At the end of the day, the World Bank simply syndicates loans from various countries and sells them off in the form of bonds floated in Luxembourg. (Why they hide from U.S. regulation is a topic for another day.)
If the true chance of a default is 0,00001%, there is no need for backing by U.S. or any other taxpayers. JP Morgan or BlackRock would very happily take on this risk.
There also is no need for the international development bureaucracy as the borrowing countries could simply submit their projects to the private lending syndicate which, at a 0,00001% default risk, would quickly absorb them.
So “Thank You” to the Commentor for making the argument for withdrawal from the multilateral development banks more clearly than I did.
The second part of the comment was:
Leaving the World Bank would therefore not get the US taxpayer the $70 billion (this is fictional, just an IOU)…
Here, the Commentor misread my post. The $70 billion figure is not just for leaving the World Bank but for leaving ALL the multilateral development banks and their so-called “concessional” lending arms. Leaving the World Bank would return approximately $3.7 billion.

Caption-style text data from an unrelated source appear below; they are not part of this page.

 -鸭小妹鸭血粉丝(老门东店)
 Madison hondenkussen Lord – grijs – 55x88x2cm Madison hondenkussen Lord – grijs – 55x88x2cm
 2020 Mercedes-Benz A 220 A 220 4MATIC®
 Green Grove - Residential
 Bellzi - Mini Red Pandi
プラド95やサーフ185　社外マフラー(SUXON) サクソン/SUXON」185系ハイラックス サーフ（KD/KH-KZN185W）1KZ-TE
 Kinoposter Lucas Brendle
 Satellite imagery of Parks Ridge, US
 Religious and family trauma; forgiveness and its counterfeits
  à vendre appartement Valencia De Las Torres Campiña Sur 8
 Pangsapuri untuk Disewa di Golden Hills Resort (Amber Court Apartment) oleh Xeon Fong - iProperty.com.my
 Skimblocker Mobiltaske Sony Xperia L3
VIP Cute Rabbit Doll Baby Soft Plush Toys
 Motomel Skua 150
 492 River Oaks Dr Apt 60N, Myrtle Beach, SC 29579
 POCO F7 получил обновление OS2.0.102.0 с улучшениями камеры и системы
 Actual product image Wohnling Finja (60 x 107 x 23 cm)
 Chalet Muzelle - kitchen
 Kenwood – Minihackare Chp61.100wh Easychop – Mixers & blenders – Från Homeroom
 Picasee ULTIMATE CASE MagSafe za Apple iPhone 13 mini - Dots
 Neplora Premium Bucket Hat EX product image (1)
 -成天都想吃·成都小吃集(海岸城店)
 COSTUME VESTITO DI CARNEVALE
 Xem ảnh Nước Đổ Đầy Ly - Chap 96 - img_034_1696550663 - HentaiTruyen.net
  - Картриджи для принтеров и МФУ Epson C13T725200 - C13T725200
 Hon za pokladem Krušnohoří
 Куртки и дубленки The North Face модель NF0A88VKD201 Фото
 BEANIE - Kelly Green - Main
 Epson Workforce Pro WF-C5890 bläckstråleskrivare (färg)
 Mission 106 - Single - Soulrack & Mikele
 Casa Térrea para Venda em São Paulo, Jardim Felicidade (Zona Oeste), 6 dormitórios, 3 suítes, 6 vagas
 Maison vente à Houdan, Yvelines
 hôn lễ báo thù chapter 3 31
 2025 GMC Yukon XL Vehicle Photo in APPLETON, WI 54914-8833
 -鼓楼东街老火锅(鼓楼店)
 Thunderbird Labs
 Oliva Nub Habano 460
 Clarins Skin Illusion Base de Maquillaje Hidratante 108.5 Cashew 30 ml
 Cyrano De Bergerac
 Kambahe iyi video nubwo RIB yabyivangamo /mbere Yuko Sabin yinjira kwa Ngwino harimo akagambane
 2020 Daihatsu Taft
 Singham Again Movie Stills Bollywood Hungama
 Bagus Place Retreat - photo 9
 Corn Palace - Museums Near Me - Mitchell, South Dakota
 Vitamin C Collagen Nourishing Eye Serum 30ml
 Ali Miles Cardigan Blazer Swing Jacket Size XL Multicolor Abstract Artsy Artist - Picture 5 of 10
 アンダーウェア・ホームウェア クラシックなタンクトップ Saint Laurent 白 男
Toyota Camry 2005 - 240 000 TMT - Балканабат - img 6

The average American family pays about $15,000 in federal income taxes each year. I’m sure that 250,000 American families would be happy to be tax free for a year.
The final portion of the comment was:
…but it would weaken America’s leadership in the most important development organization in the world.
That is exactly the point. We do not want or need “leadership” in these failed organizations. The World Bank has been in place since 1944 and still not accomplished its ever changing “mission”. It simply is not fixable.